YNY LEP requested their LEAR provide an understanding of the building stock in the local area by geographic location, including analysis of:
- Types of dwellings including building fabric
- Types of heating systems
- Annual and peak energy demands
- Potential for domestic on-roof solar PV and off-street parking for electric vehicle charging
- An assessment of energy networks that serve them including capacity and embedded generation.
The LEAR also provided information on the levels of employment and deprivation correlating to the building by building assessment in each area.
Place-based Net Zero Toolkit
Social innovation agency, Nesta in Scotland, commissioned Energy Systems Catapult to help Scotland better understand which dwellings are most and least well suited to the transition to ground and air source heat pumps.

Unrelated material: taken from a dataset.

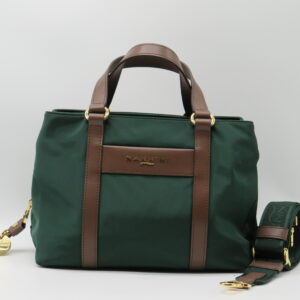 NANNINI BORSA MEDIA MANO/TRACOLLA TESSUTO VERDE BOTTIGLIA+PELLE CUOIO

We used our first-of-a-kind Home Energy Dynamics (HED) modelling tool to test some Nesta’s assumptions, including:
- Low-carbon domestic heating options will be costly to install.
- The running costs and effectiveness of heat pumps will vary in different types of properties.
- There is a portion of Scotland’s housing stock for which heat humps may not be a viable heating option at all.
- Older tenement flats (which are around 28 per cent of urban housing stock in Scotland) pose particular problems to become sufficiently energy efficient and to site and install a heat pump.
Energy Systems Catapult collated energy efficiency data for several housing archetypes and conducted detailed HED modelling for heating a tenement flat in different retrofit/upgrade scenarios.
The report How to Heat Scotland’s Homes found that:
- Housing stock in Scotland has a poor standard of energy efficiency with over 70 per cent of dwellings having an EPC rating D or C and 15 per cent having the lowest ratings of E, F or G.
- Barriers to installation of heat pumps, including cost, supply, public awareness and practicalities such as space, exist across all housing types in Scotland.
- Older, pre-1914 housing stock such as tenement blocks would require substantial and costly energy efficiency measures including to the fabric of the buildings (often prohibited by current planning restrictions), in order for heat pumps to deliver an acceptable standard of comfort and cost.